Thank you @facelessuser. Glad you know so much about Python and markdown. I guess this action isn't currently going to be useful.
@rfay, while I may not be familiar with this action, it isn't difficult to set up pyspelling in Github Actions manually (which is what I do): https://facelessuser.github.io/pyspelling/#usage-in-ci. I can easily answer the question on this approach. If you go down this route and need some guidance, feel free to hit up https://github.com/facelessuser/pyspelling/discussions.
hi @facelessuser and @rfay
Yes, this action uses a Docker image, do you have suggestion to improvements/extensions to this?
@jonasbn, I think adding pymdown-extensions may not be a bad idea. Not everything in that package is a necessity, but with that said, SuperFences, which Python Markdown recommends in their fenced_code
documentation, is pretty useful for more properly parsing fenced code in Markdown. While I don't directly use this action as I am comfortable setting things up manually myself, I think it is a very useful action for people uncomfortable with Python directly, and I think including pymdown-extensions will give them a couple of extra things to help out when spellchecking Markdown.
AFAICT we need the Docker image to include Python-Markdown, ref: https://python-markdown.github.io/
And this can be done using:
$ pip install markdown
So my question is, how do I install extensions for Python-Markdown ?

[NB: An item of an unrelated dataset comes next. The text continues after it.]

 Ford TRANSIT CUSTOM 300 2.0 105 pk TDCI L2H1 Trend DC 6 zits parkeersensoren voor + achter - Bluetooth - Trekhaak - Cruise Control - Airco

I am not a Python developer myself, I am just a user
Ah found the documentation:
$ pip install pymdown-extensions
Yup, that's it.
@rfay please try out the latest release 0.8.0 and let me know if you experience any issues.
Thanks for the help @facelessuser
Yay, it worked great. Thanks to both of you for the extraordinary support. https://github.com/drud/ddev/runs/1670405909?check_suite_focus=true
One additional suggestion @jonasbn - I think you could add markdownfences as suggested configuration, and maybe put more in the markdown section of your examples or instructions. I'm a user of markdown, but of course like most users I have no idea about the various possibilities of python-markdown configuration.
@rfay you are right, the option should be more elaborately documented.
Glad it worked, have a nice weekend
I'm just trying to do simple spellchecking, but I get an incomprehensible error that stops that whole thing... after I worked and worked to get a wordlist together:
You can see the run at https://github.com/drud/ddev/runs/1666052073?check_suite_focus=true
The code is all at https://github.com/rfay/ddev/tree/20210107_spellcheck
The file it's crashing on is https://github.com/rfay/ddev/blob/20210107_spellcheck/docs/users/cli-usage.md
I imagine this is a problem with PySpelling, but I'm sure you don't want users to encounter obscure errors like this.